Napoli, 28 maggio 2014 - Quasi due pizze su tre (63%) servite in Italia sono ottenute da un mix di farina, pomodoro, mozzarelle e olio provenienti da migliaia di chilometri di distanza senza alcuna indicazione per i consumatori che hanno rinunciato del tutto ad andare in pizzeria (25%) o hanno ridotto le presenze (40%) rispetto a prima della crisi secondo l’indagine Ixè.

E’ quanto emerge dal dossier “La crisi nel piatto degli italiani nel 2014”, illustrato a Napoli dal presidente della Coldiretti, Roberto Moncalvo. Il rapporto analizza, per la prima volta, anche cosa c’è di diverso con la crisi nei piatti più rappresentativi della tradizione alimentare italiana.

Dal dossier si evidenzia che - ha sottolineato la Coldiretti - si è verificata una rivoluzione storica per la pasta registrando una produzione completa di grano italiano al 100% che è iniziata ed esplosa proprio negli anni della crisi. In Italia, sempre più spesso nelle pizzerie viene servito un prodotto preparato - ha sottolineato la Coldiretti - con mozzarelle ottenute non dal latte ma da semilavorati industriali, le cosiddette cagliate, provenienti dall’Est Europa, pomodoro cinese o americano invece di quello nostrano, olio di oliva tunisino e spagnolo oppure olio di semi al posto dell’extravergine italiano e farina francese, tedesca o ucraina che sostituisce quella ottenuta dal grano nazionale.

Secondo il dossier, nel 2013, in Italia sono stati importati 481 milioni di chili d’olio di oliva e sansa, oltre 80 milioni di chili di cagliate per mozzarelle, 105 milioni di chili di concentrato di pomodoro dei quali 58 milioni dagli Usa e 29 milioni dalla Cina e 3,6 miliardi di chili di grano tenero con una tendenza all’aumento del 20% nei primi due mesi del 2014. Una fiume di materia prima che - ha sottolineato la Coldiretti - ha, purtroppo, compromesso notevolmente l’originalità tricolore del prodotto servito nelle 50mila pizzerie presenti in Italia che generano un fatturato stimato di 10 miliardi, ma non offrono alcuna garanzia al consumatore sulla provenienza degli ingredienti utilizzati.

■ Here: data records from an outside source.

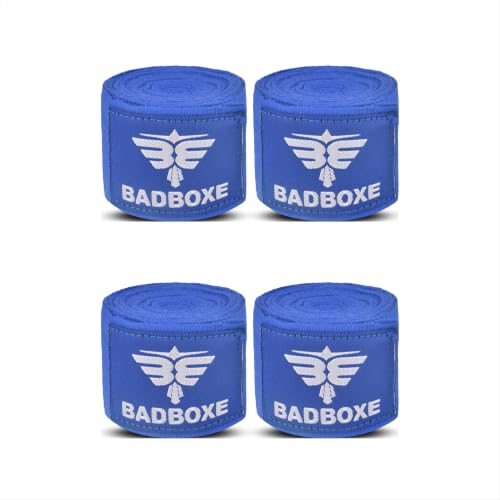TWISTER FIGHT WEAR Boxing Hand Wraps 180" (4.5 Meter) – Premium Cotton-Polyester Blend with Thumb Loop and Hook & Loop Closure for Boxing, MMA, Muay Thai & Kickboxing - color: Blue (2 Pair)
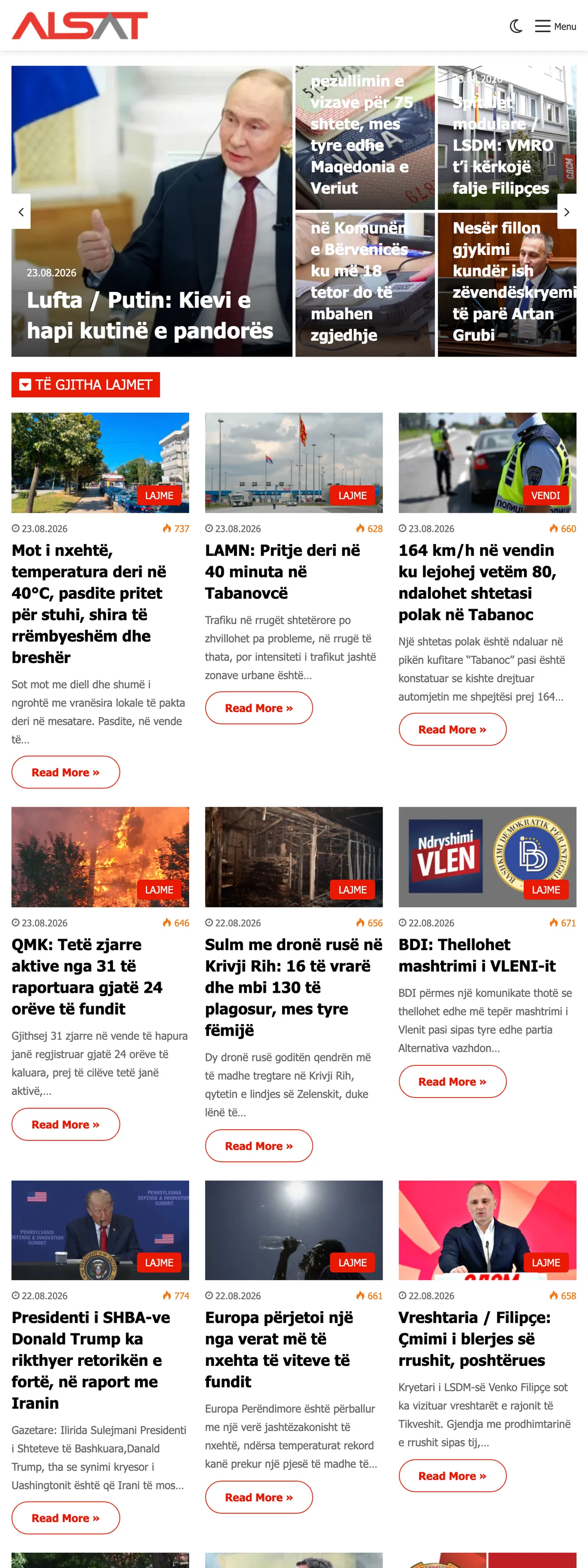 Screenshot of the ALSAT front page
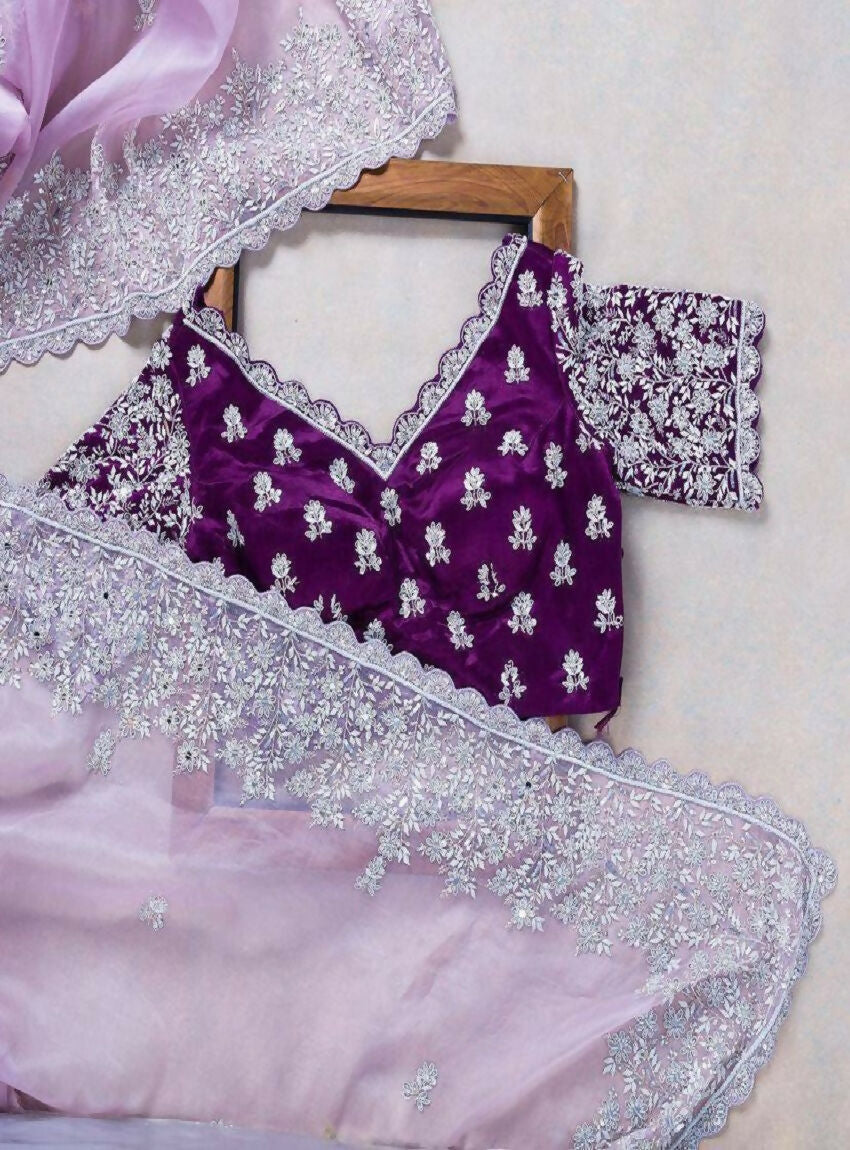 Teeya Creation New Womens Latest Party Wear Soft Organza Saree-Lavender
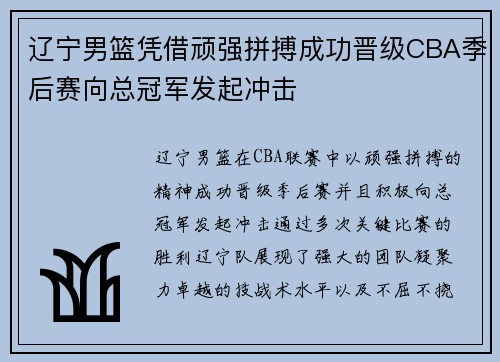 辽宁男篮凭借顽强拼搏成功晋级CBA季后赛向总冠军发起冲击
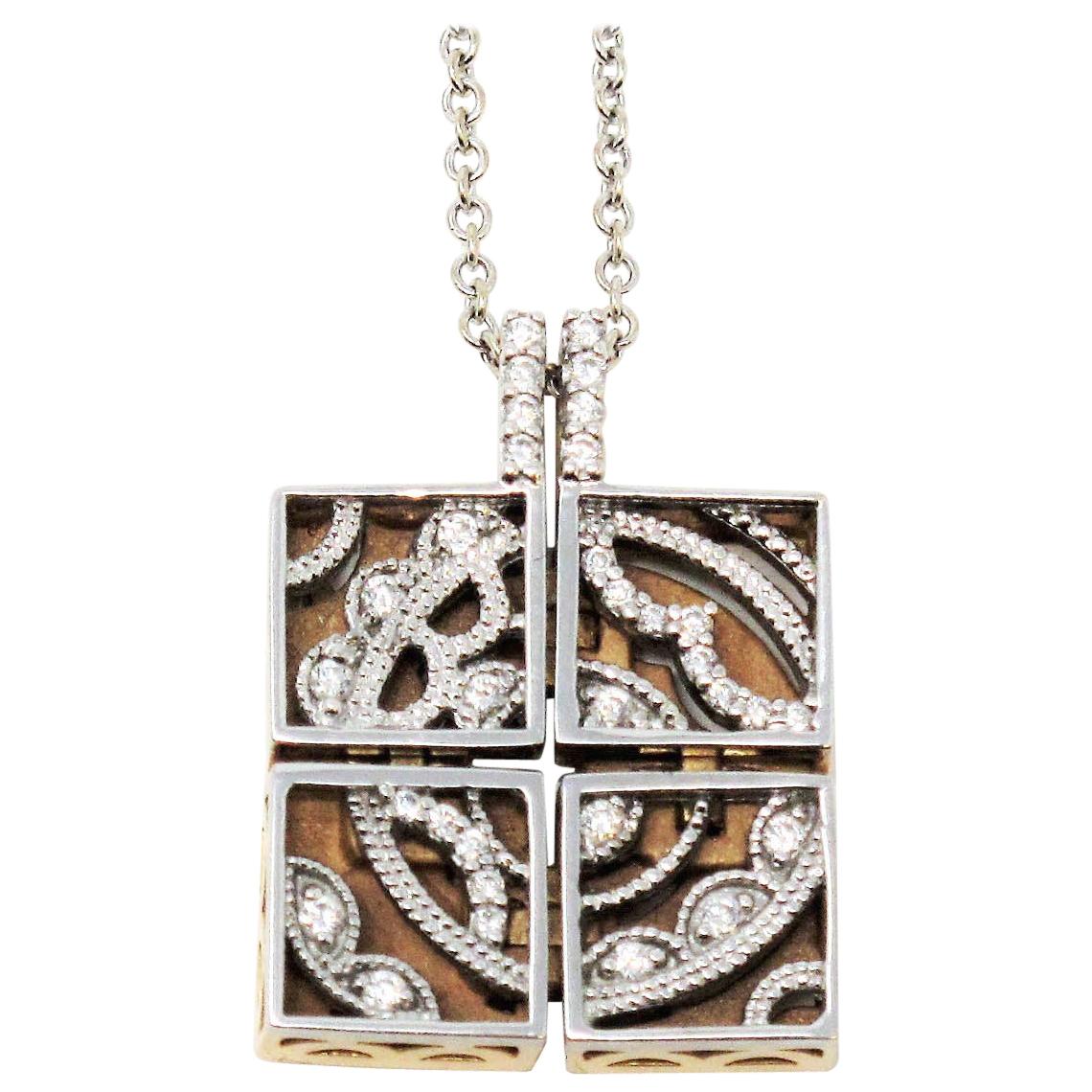 Tacori Diamond Sectioned Square Pendant Necklace in 18 Karat White and Rose Gold For Sale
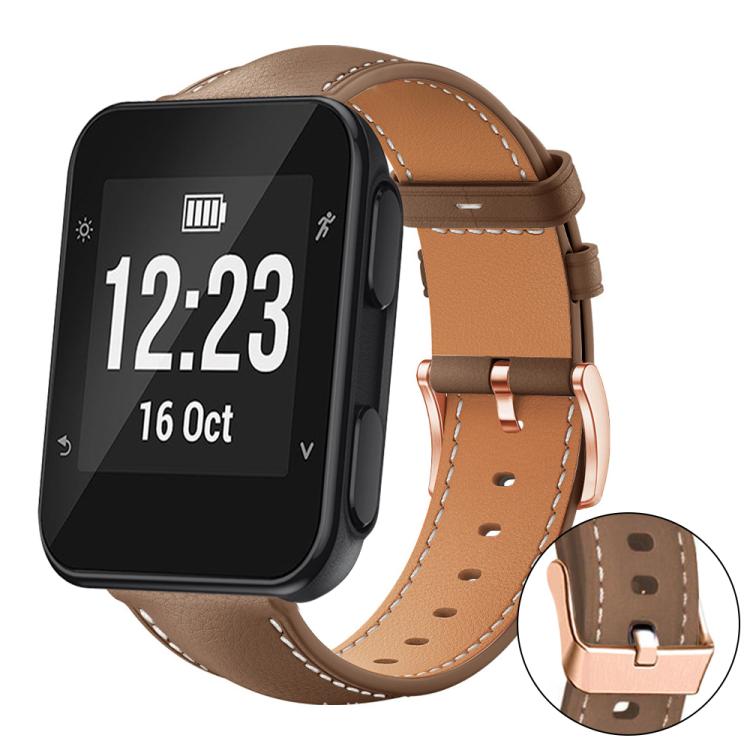 xDfind Rose Gold Buckle Black Shark Fine Grain Vegan Leather Watch Band, For Garmin Forerunner 35/30/35j
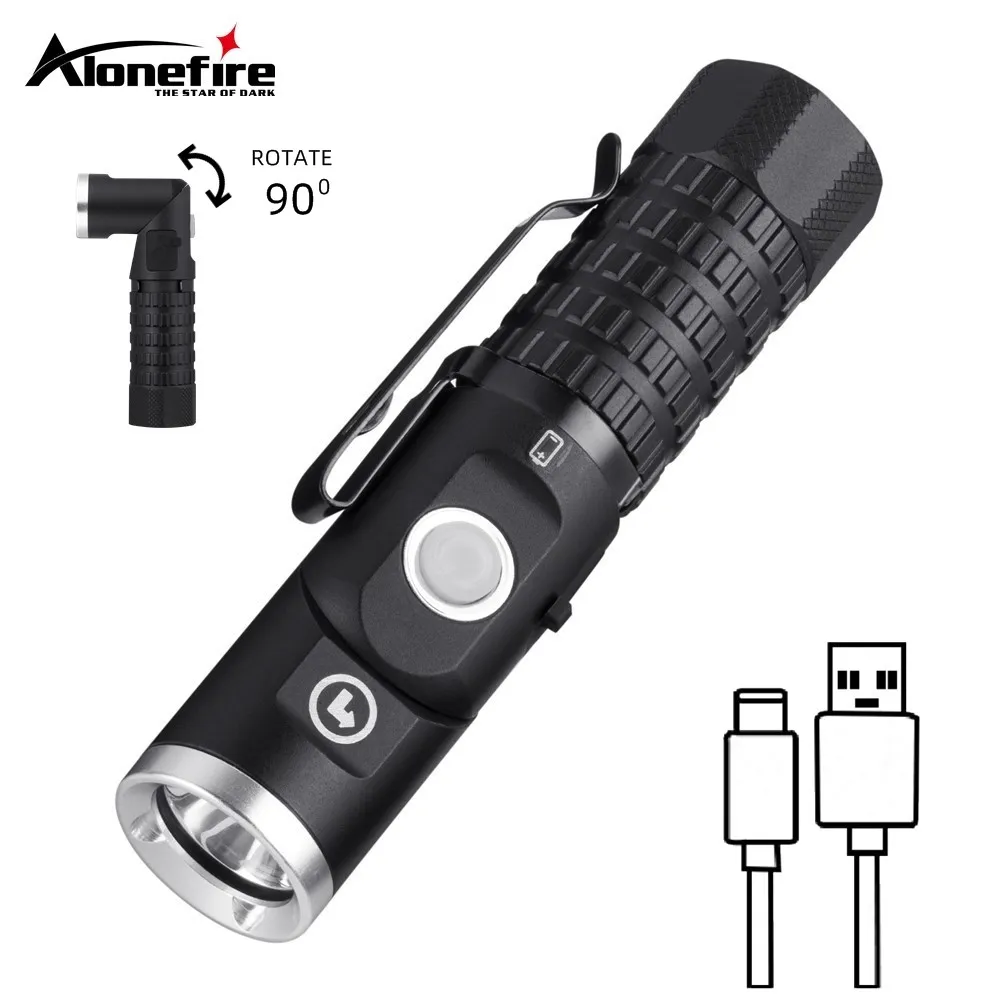 Linterna LED táctica EDC con cabezal giratorio para acampada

Se il 39% degli italiani ritiene che la pizza sia il simbolo culinario dell’Italia, la maggioranza del 45%, secondo un sondaggio del sito www.coldiretti.it, attribuisce il primato alla pasta la cui produzione, al contrario, ha fatto registrare una decisa svolta nazionalista con la nascita e la rapida proliferazione di marchi che garantiscono l’origine italiana del grano impiegato al 100%. Un percorso che è iniziato nei primi anni della crisi dal Consorzio Agrario di Siena con la pasta dei coltivatori toscani per estendersi poi ad alcune etichette della grande distribuzione fino ai marchi nuovi o storici più prestigiosi.

Lo stesso Guido Barilla, presidente della Spa alimentare ha annunciato ai 10mila agricoltori della Coldiretti giunti a Napoli, che lo storico marchio napoletano “Voiello”, che fa capo al Gruppo, venderà solo pasta fatta da grano italiano al 100% di varietà “aureo” coltivato in Abruzzo, Molise, Puglia e Campania che, per il contenuto proteico e la forza del glutine, può essere considerato il grano duro italiano d’alta qualità nel Sud.

“La produzione nazionale degli ingredienti e la sua lavorazione esclusivamente in Italia consente di salvare dall’abbandono interi territori situati in aree difficili nel Sud del Paese, ma anche di garantire occupazione e reddito ad agricoltori e lavoratori in un momento di crisi - ha affermato il presidente della Coldiretti, Roberto Moncalvo - per tornare a crescere, il Paese deve saper mettere in rete le sue straordinarie capacità imprenditoriali e le potenzialità dei territori, a cominciare da quelle inespresse del Mezzogiorno”.

Meno fortuna ha avuto il pane, il prodotto più presente sulle tavole degli italiani, poiché, accanto al pane artigianale venduto nei forni in Italia, si assiste - ha spiegato la Coldiretti - all’arrivo di milioni di chilogrammi di impasti semicotti, surgelati, con una durata di 24 mesi, grazie ad additivi e conservanti, provenienti dall’Est europeo, destinati ad essere poi cotti e diventare pane nelle strutture commerciali a basso costo. Un destino che colpisce anche i tradizionali sughi e il ragù italiano che, sempre più spesso, sono ottenuti da conserve di pomodoro provenienti dall’estero, miscelate con ingredienti e importati, dalle spezie dall’Oriente alla carne.